Output exactly the lines from the line that has "Union of South" through the last line of the data below, with no pictures.

::::

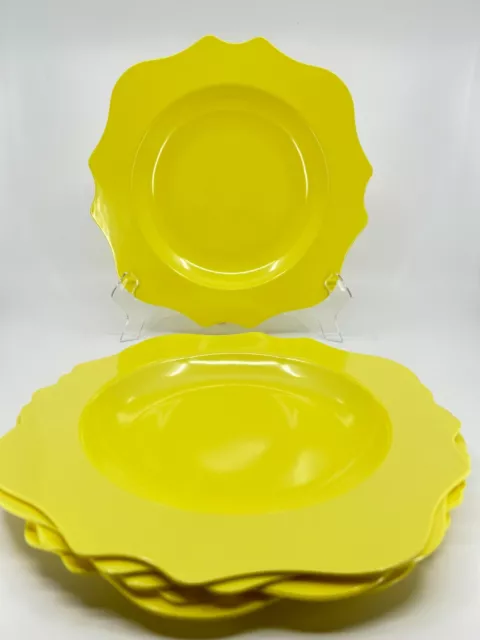 Set  of 6 REAL SIMPLE Yellow Indoor/Outdoor 10” Melamine Plates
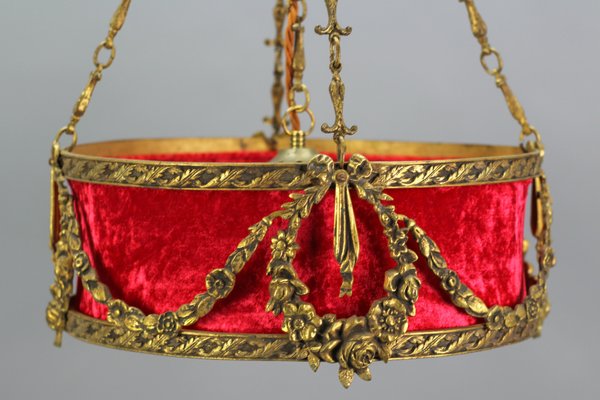 French Louis XVI Style Bronze and Red Fabric Shade Pendant Light, 1920s-KEG-1114690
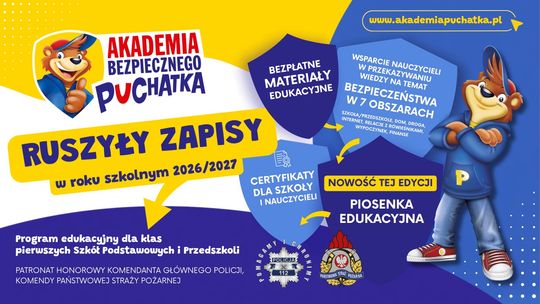 Mądrzej, pewniej, RAZEM! Ruszyły zapisy do 18. edycji Akademii Bezpiecznego Puchatka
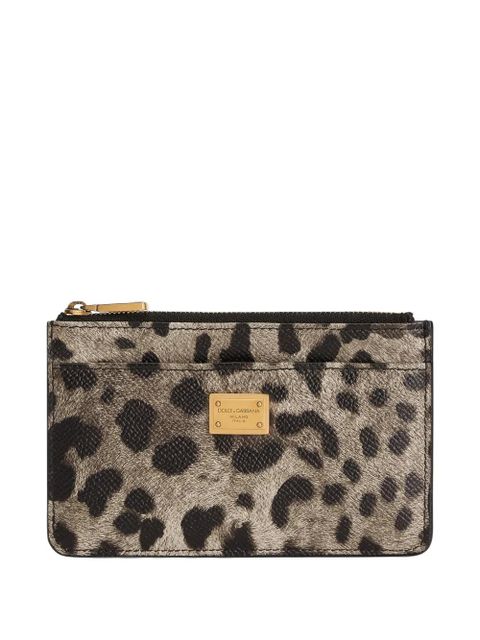 Dolce & Gabbana leopard-print plaque wallet - Brown - zdjęcie produktu nr 1
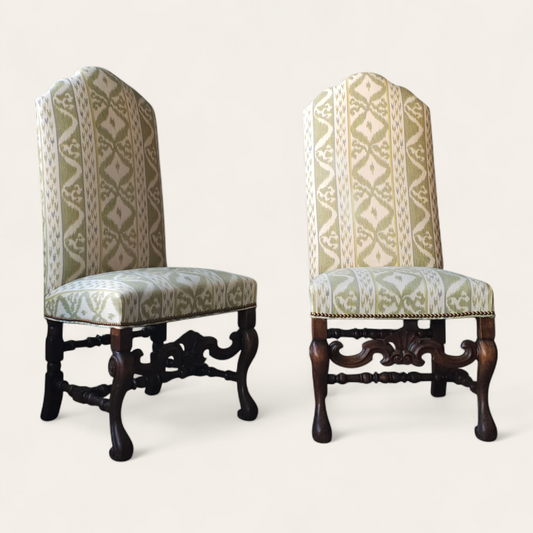 Pair of 20th Century Flemish-Style Walnut Side Chairs with Cowtan & Tout Ikat Upholstery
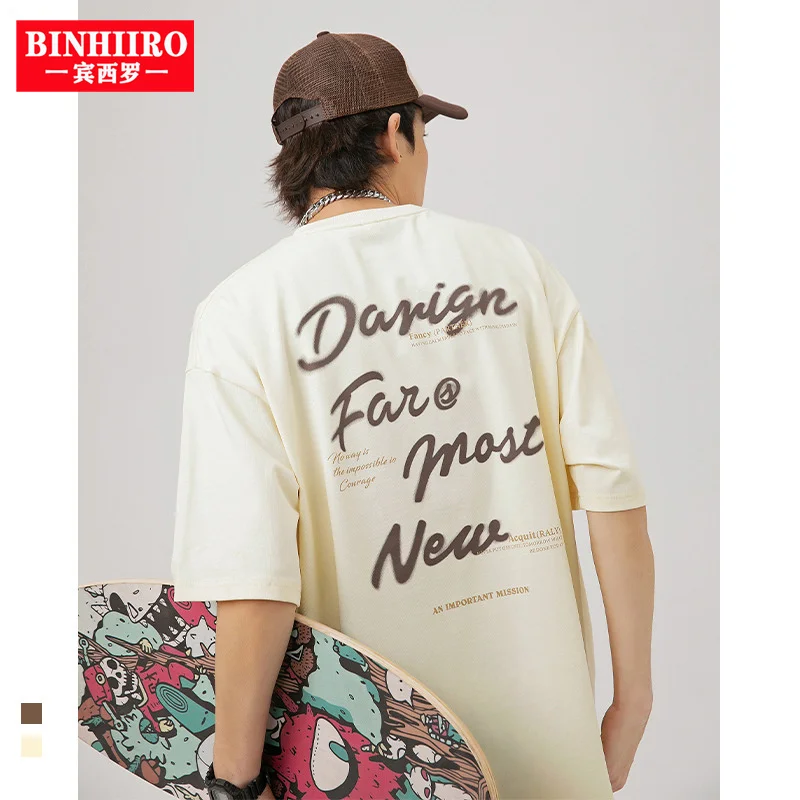 

Модная мужская футболка в стиле хип-хоп 2023, уличная одежда, дизайнерская футболка в стиле Харадзюку с принтом, летняя футболка из 100% хлопка с коротким рукавом, свободные топы, футболки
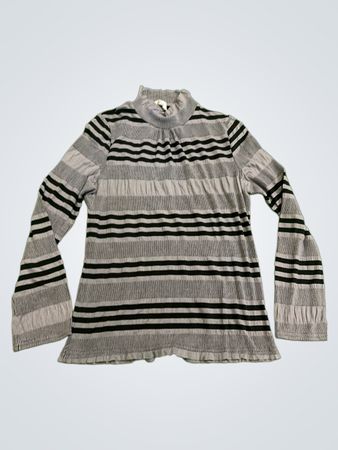 Jacqueline RIU Graues und Schwarzes Gestreiftes Glockenärmel-Mock-Neck-Top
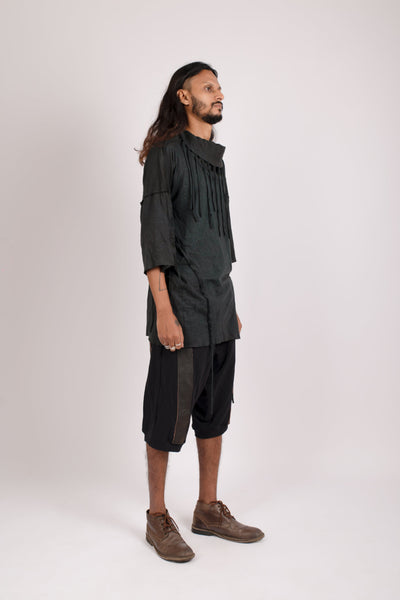 Shop emerging dark alternative conscious fashion genderless brand Anoir by Amal Kiran Jana Black Hemp Vidar Top at Erebus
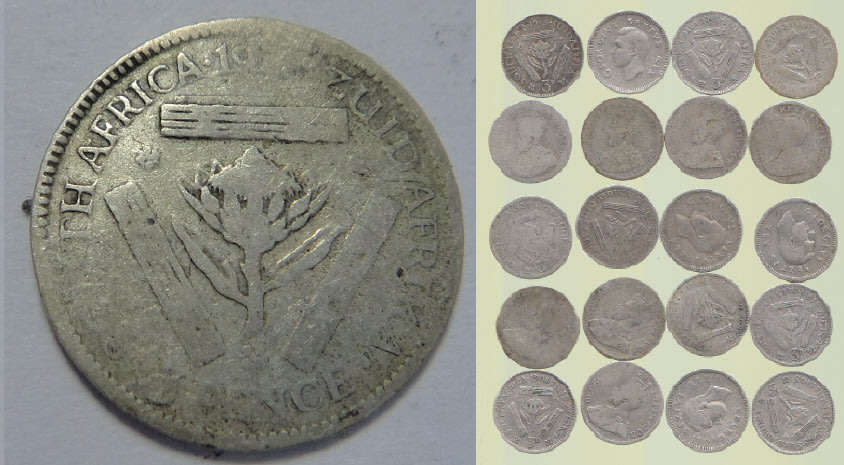 Union of South Africa: Twenty Tickeys (3d) struck in 80% silver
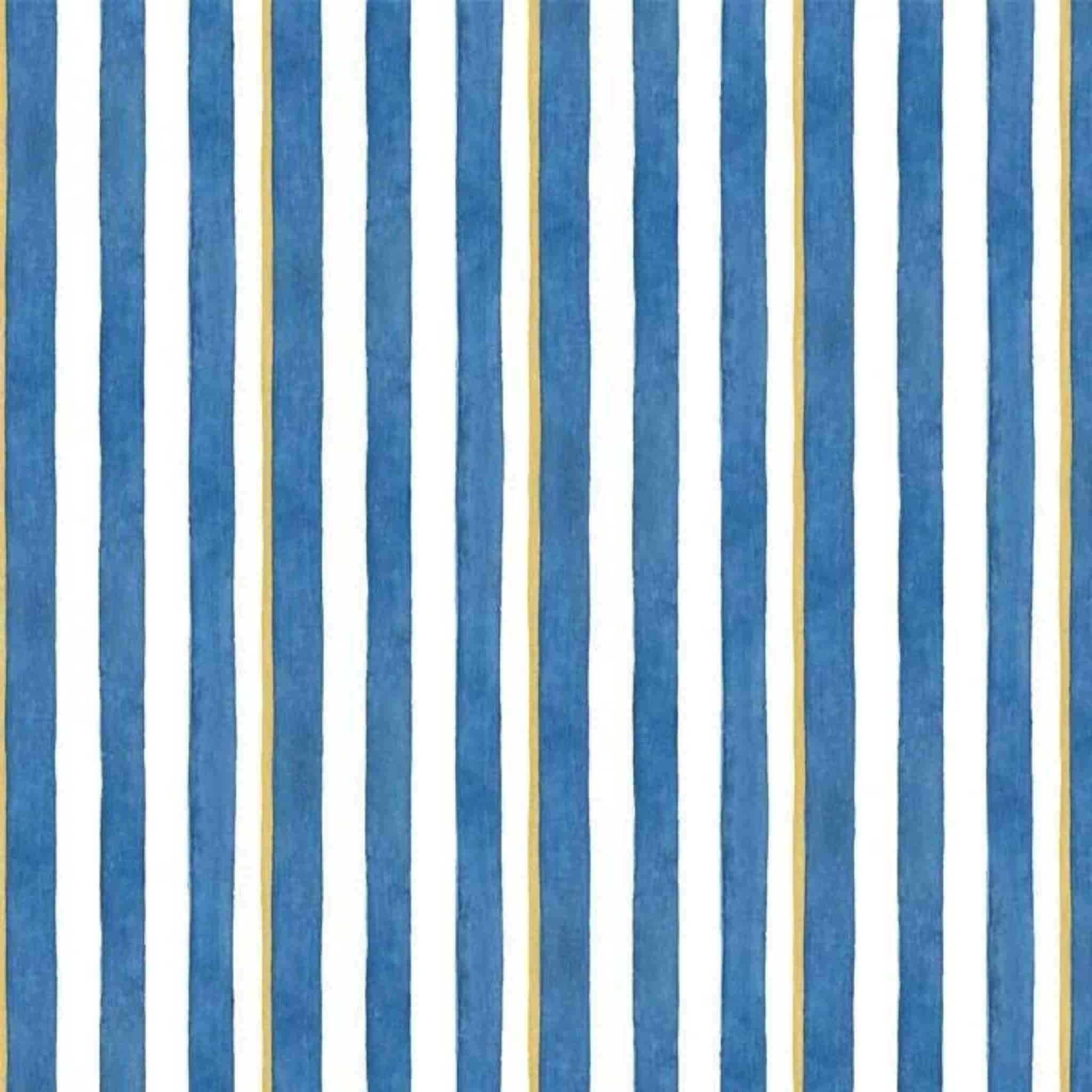 Blue and white stripes on cotton fabric for beach quilts, coastal tote bags and summer sewing projects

::::

Exercise answer –
 Union of South Africa: Twenty Tickeys (3d) struck in 80% silver
 Blue and white stripes on cotton fabric for beach quilts, coastal tote bags and summer sewing projects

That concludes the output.